Concluons que Levinas reprend en 1930 la critique de Husserl et qu’il l’approuve en raison de la clarté supérieure de l’idée phénoménologique de l’existence qui ne s’applique pas de la même façon à la conscience et au monde – et remarquons que la critique de Levinas porte sur l’application du concept d’existence à la conscience mais n’interroge pas son application à Dieu. La Théorie de l’intuition reprend la lecture husserlienne de Descartes sans la soumettre à un examen critique : elle ne cite pas Descartes et s’en tient à son sujet à un propos très général qui fait l’économie d’un retour aux Méditations métaphysiques.
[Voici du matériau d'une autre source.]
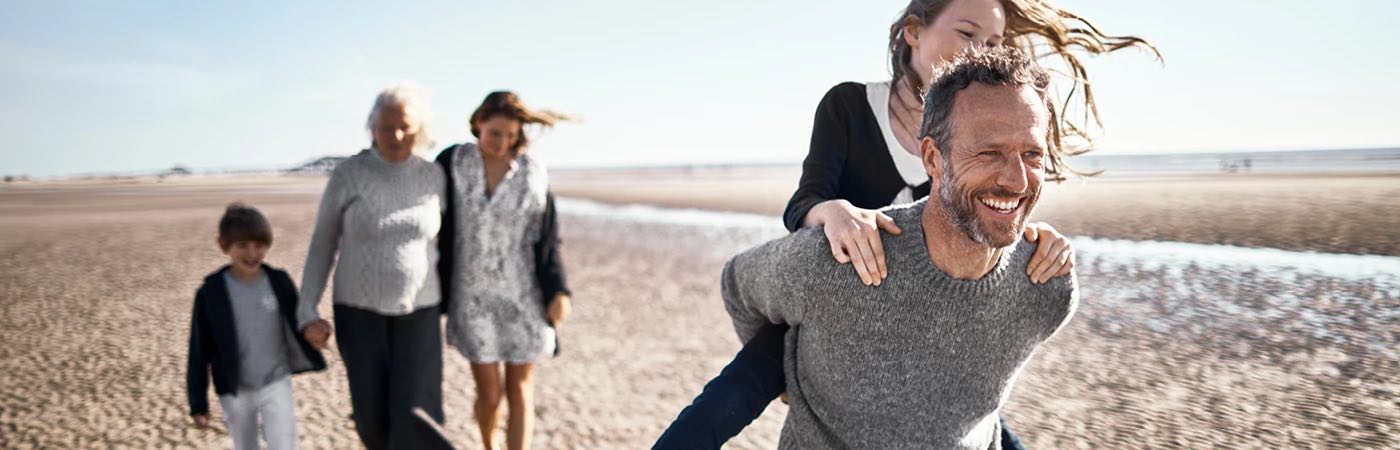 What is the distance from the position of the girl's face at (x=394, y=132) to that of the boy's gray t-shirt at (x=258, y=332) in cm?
96

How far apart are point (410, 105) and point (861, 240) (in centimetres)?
264

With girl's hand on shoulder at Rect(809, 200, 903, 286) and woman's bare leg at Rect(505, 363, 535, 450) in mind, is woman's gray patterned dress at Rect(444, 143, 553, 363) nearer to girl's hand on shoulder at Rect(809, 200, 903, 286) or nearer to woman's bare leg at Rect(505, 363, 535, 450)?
woman's bare leg at Rect(505, 363, 535, 450)

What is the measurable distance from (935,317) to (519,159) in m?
2.76

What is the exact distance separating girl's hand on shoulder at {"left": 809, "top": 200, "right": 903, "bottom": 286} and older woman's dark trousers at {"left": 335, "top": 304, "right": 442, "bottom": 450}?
2.30 metres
En 1930, le Descartes de Levinas est celui de Husserl, un Descartes qui a manqué l’essence de la conscience après l’avoir entrevue ; et ce manquement, Levinas le met sur le compte du projet théorique qui gouverne toute la philosophie cartésienne.

Une chose qui pense

En 1947, dans De l’existence à l’existant, Levinas déploie pour la première fois une interprétation originale de Descartes qui, tout en restant largement husserlienne, retrouve dans le cogito cartésien une vérité phénoménologique de premier plan.

La phénoménologie originale que Levinas conduit dans l’ouvrage partage avec le cogito cartésien une même situation dramatique : la nécessité de trouver un commencement après l’anéantissement de toutes choses. L’emphase qui mène Levinas à l’expérience horrible de l’il y a relève du même tour hyperbolique que le doute méthodique précédant le cogito. Les deux situations sont identiques : chez Descartes, le sujet méditant s’est installé dans un doute si radical qu’il nie toute existence, avant de conquérir une première vérité avec le cogito ; de même en 1947 l’existant fait l’épreuve de l’il y a dans la destruction de tous les étants, et doit se poser dans le lieu pour se faire sujet. Une expérience-limite de la perte de sens constitue à chaque fois le fond sur lequel vient se détacher l’événement d’un pur commencement . C’est pourquoi, outre la situation initiale (et la méthode d’emphase qui la pose), la pensée du commencement rapproche aussi Levinas de Descartes. Le cogito cartésien fait alors l’objet d’une interprétation et d’un usage nouveaux et originaux (DEE, 117) :

La pensée que l’idéalisme nous a habitués à situer hors de l’espace est – essentiellement, et non pas par l’effet d’une chute ou d’une dégradation – ici. Le corps exclu par le doute cartésien, c’est le corps objet. Le cogito n’aboutit pas à l’impersonnelle position : « il y a de la pensée », mais à la première personne du présent : « je suis une chose qui pense ». Le mot chose est ici admirablement précis. Le plus profond enseignement du cogito cartésien consiste précisément à découvrir la pensée comme substance, c’est-à-dire comme quelque chose qui se pose. La pensée a un point de départ.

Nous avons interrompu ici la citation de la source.